Provided records START

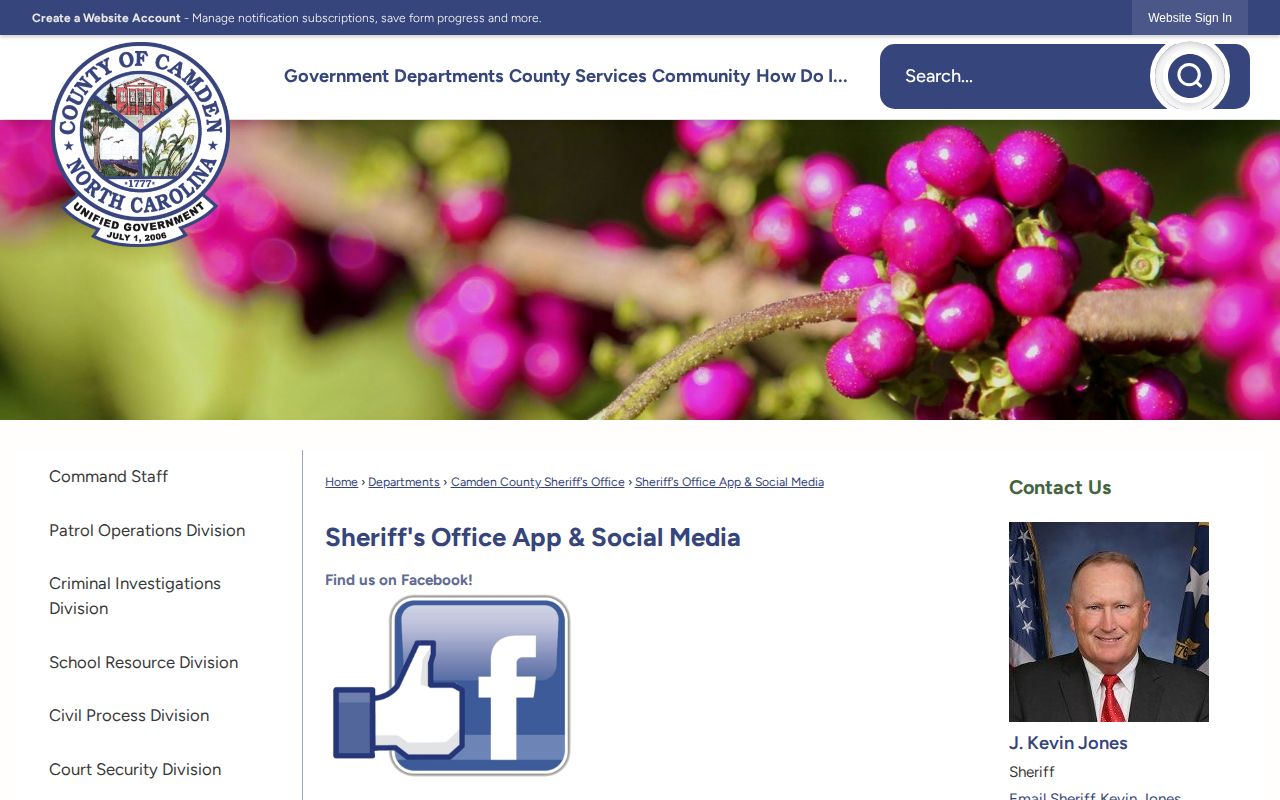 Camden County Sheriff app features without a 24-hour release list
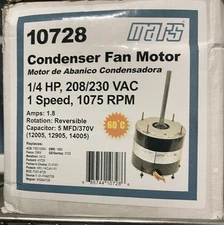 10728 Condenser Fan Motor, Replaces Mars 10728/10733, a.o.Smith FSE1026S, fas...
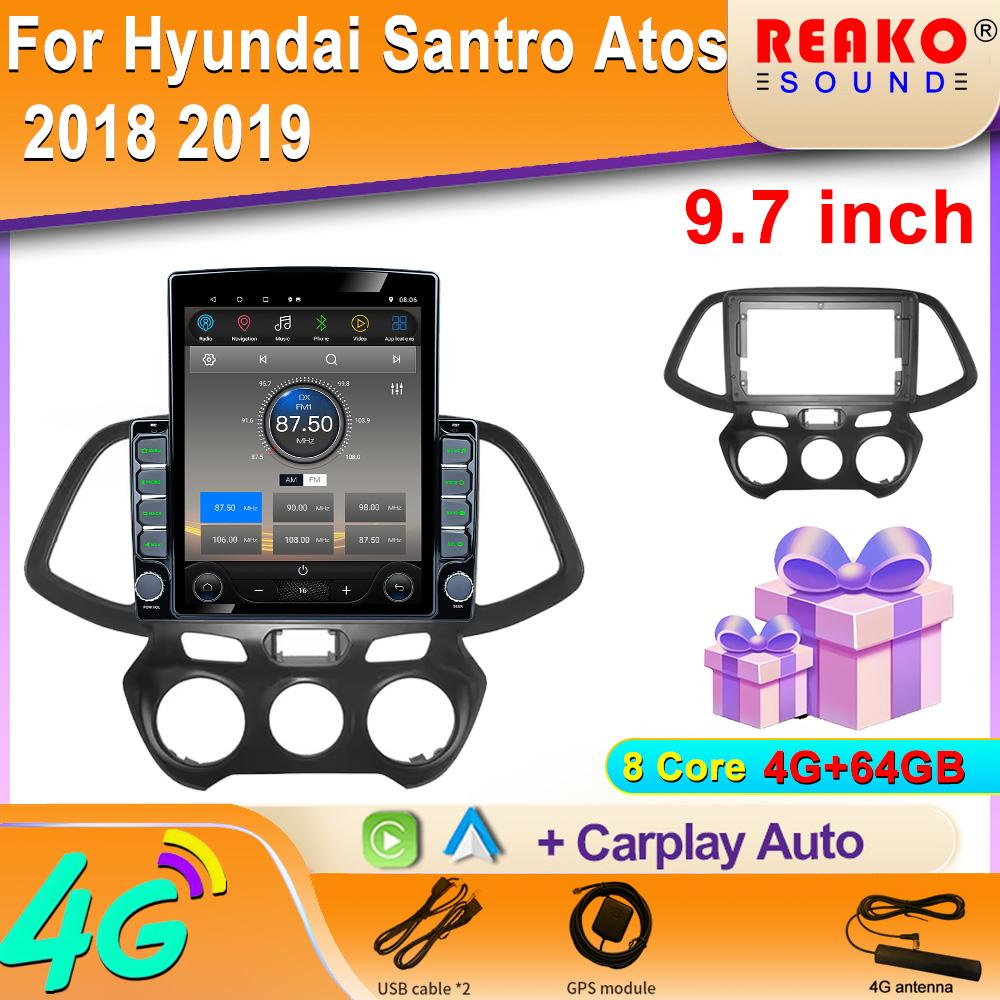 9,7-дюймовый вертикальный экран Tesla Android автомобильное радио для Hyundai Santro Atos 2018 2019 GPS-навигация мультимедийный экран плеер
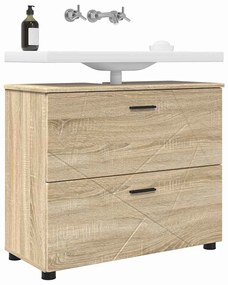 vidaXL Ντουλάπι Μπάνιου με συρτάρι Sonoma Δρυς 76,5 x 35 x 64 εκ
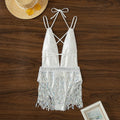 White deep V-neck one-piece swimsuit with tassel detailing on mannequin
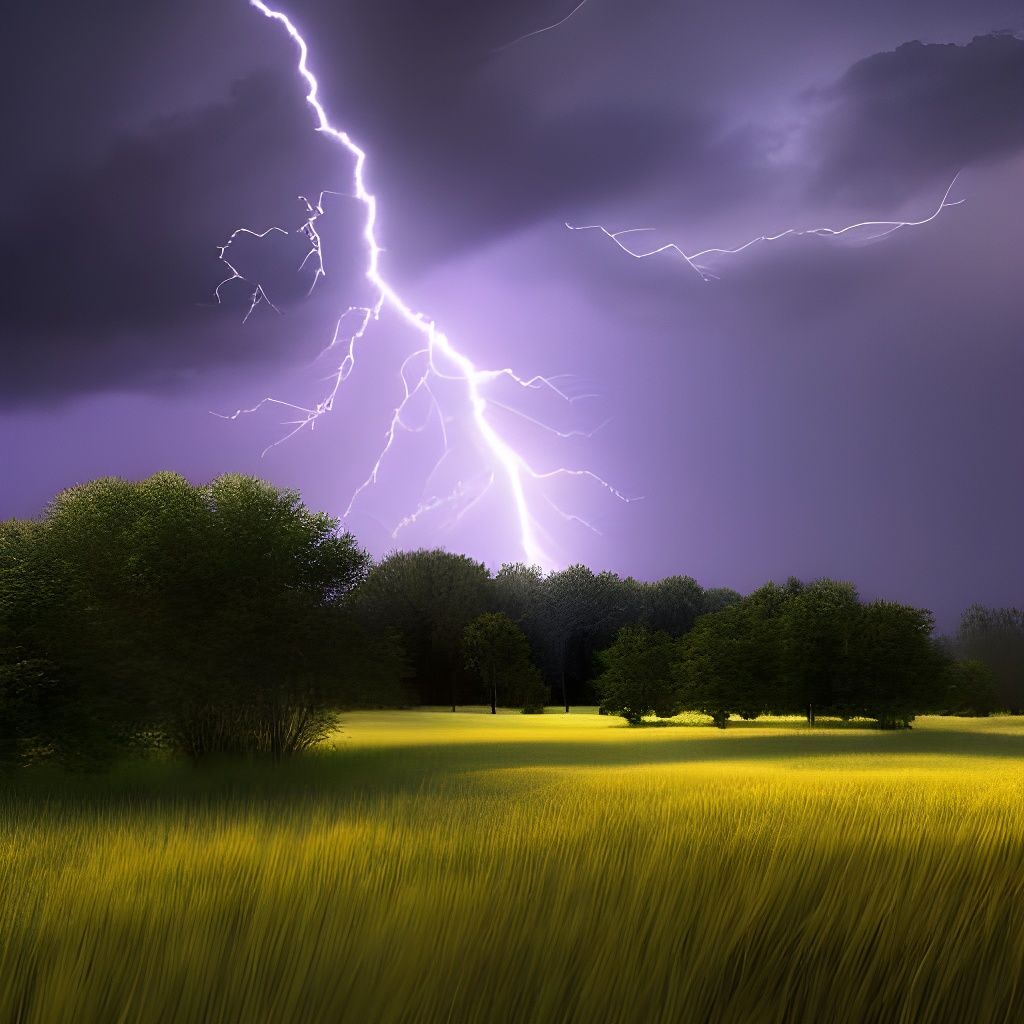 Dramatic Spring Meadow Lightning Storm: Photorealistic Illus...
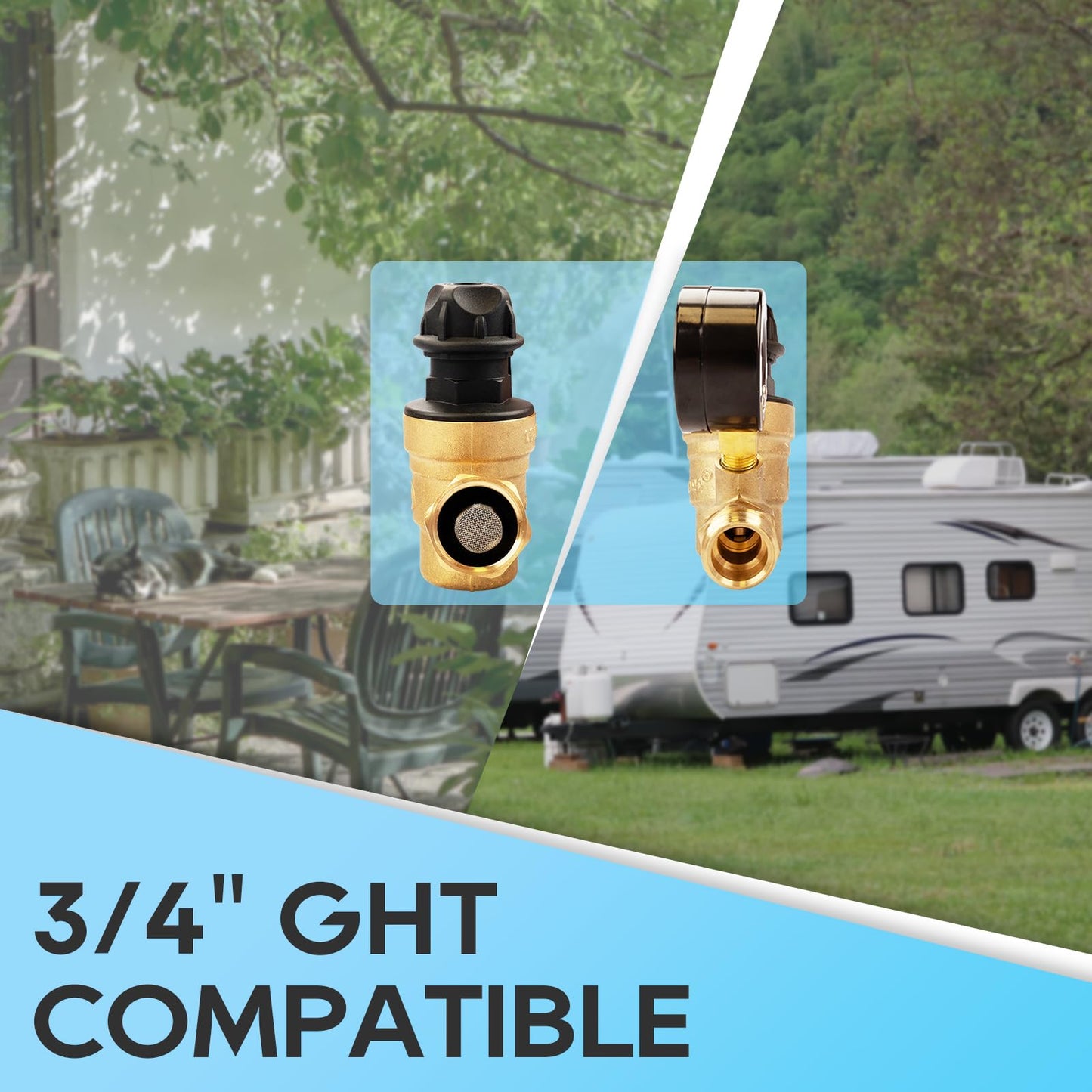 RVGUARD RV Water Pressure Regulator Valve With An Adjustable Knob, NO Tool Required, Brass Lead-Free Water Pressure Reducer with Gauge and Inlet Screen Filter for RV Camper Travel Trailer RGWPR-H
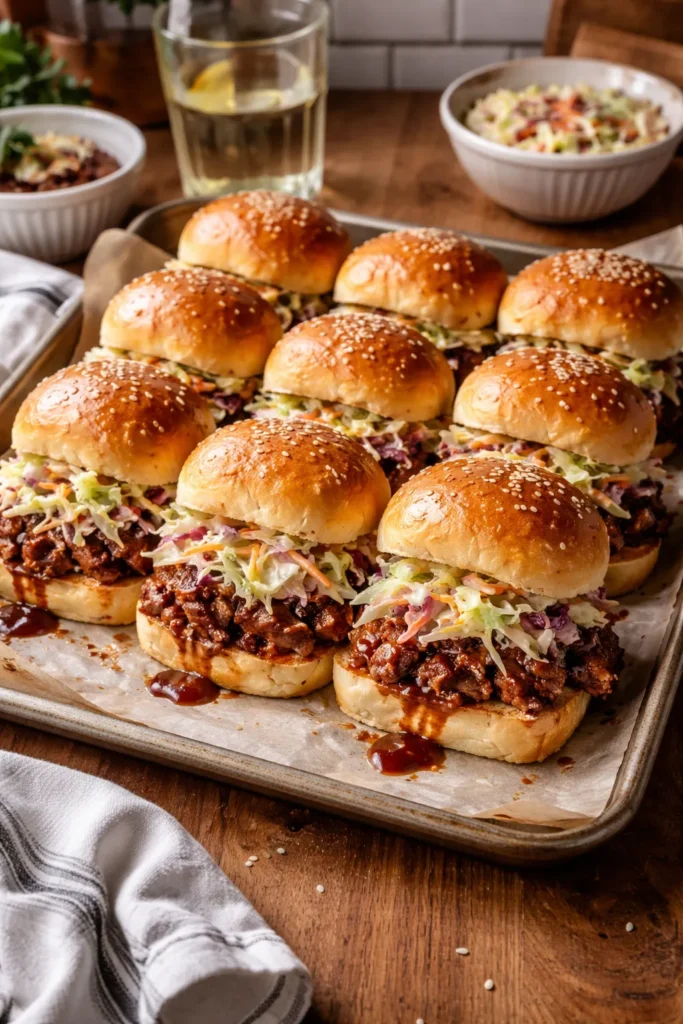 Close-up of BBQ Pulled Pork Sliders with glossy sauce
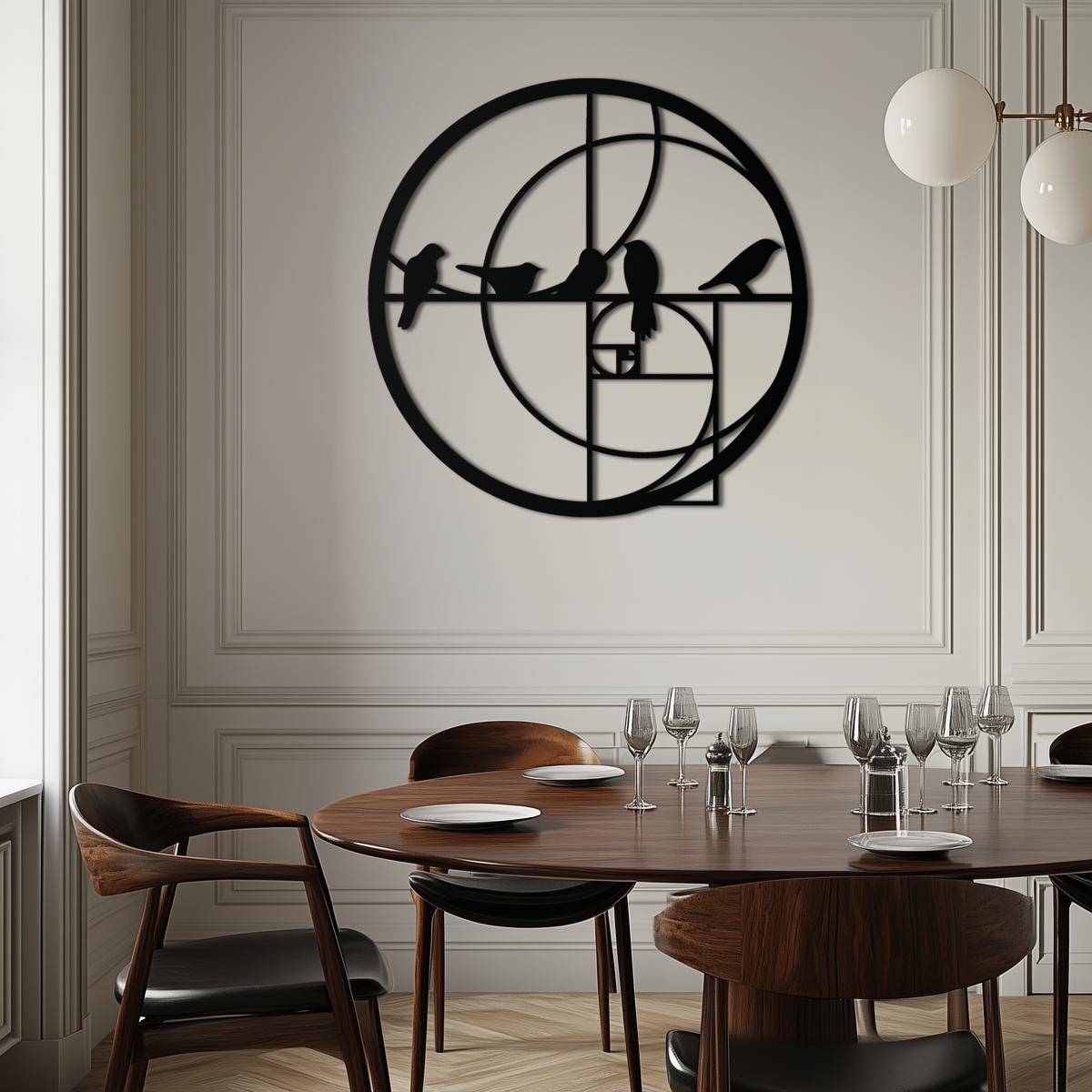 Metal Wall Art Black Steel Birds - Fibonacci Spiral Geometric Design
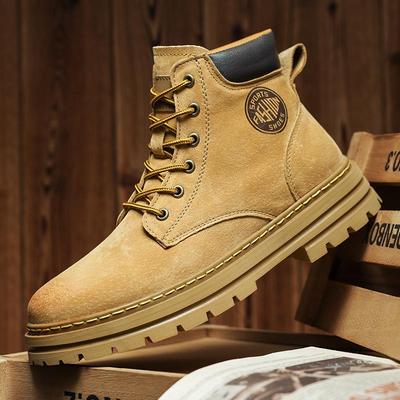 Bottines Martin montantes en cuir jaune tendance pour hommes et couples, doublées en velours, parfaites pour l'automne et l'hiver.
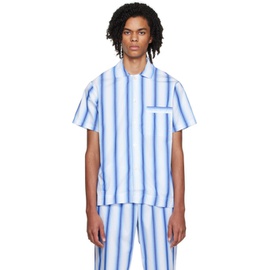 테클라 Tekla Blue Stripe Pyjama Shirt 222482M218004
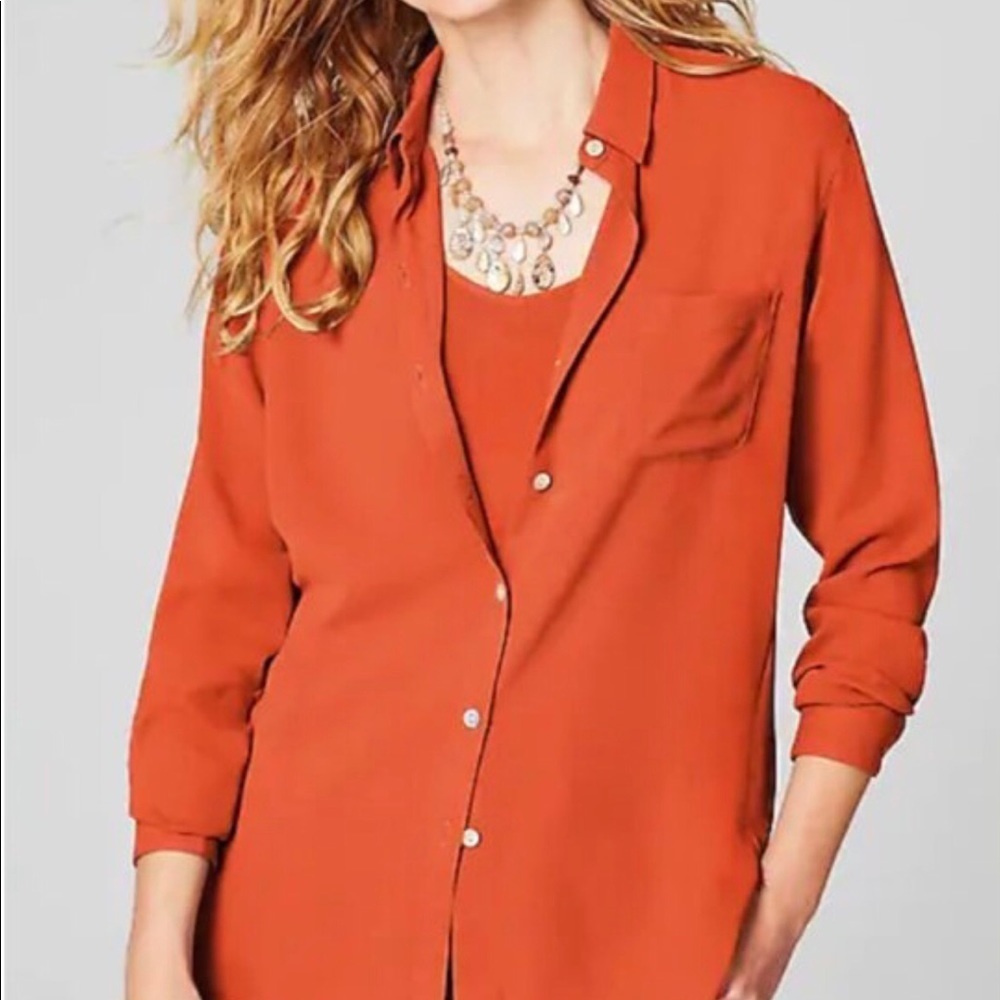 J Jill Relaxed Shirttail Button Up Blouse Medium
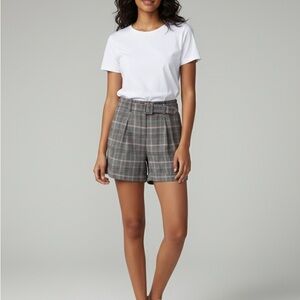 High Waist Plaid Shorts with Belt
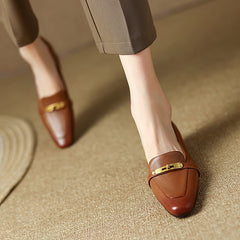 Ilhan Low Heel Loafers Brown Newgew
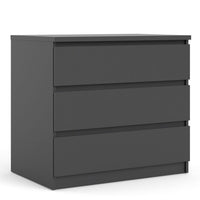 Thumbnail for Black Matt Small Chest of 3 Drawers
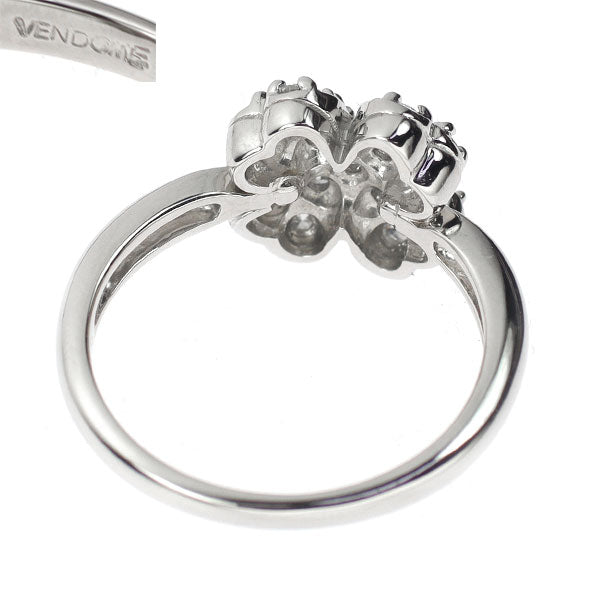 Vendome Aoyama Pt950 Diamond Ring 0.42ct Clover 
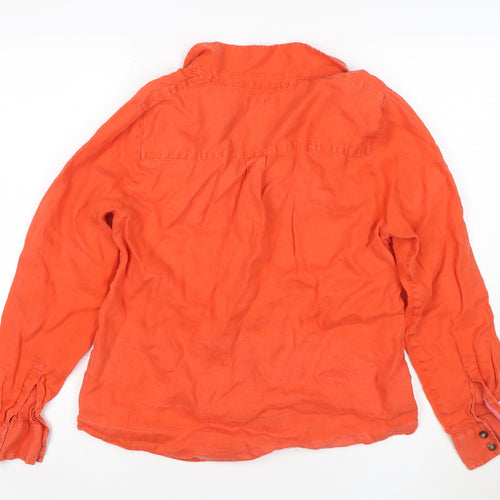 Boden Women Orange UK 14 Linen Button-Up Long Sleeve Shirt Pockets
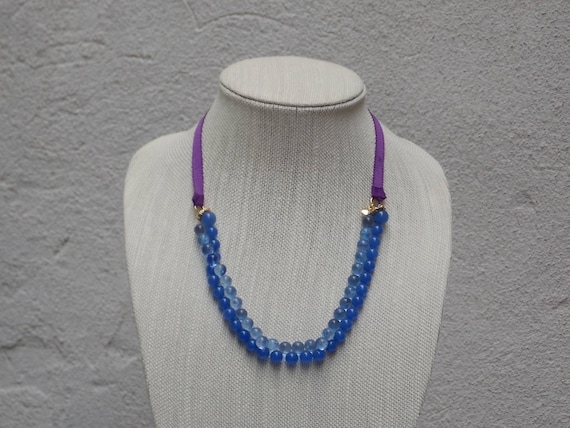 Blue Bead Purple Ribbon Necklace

Provided records END

Exercise aim | Give again, word for word, the line that contains "Vendome Aoyama Pt950" and every line after it through the end of the entries; omit the pictures.

Solution for this exercise |
 Vendome Aoyama Pt950 Diamond Ring 0.42ct Clover 
 Boden Women Orange UK 14 Linen Button-Up Long Sleeve Shirt Pockets
 Blue Bead Purple Ribbon Necklace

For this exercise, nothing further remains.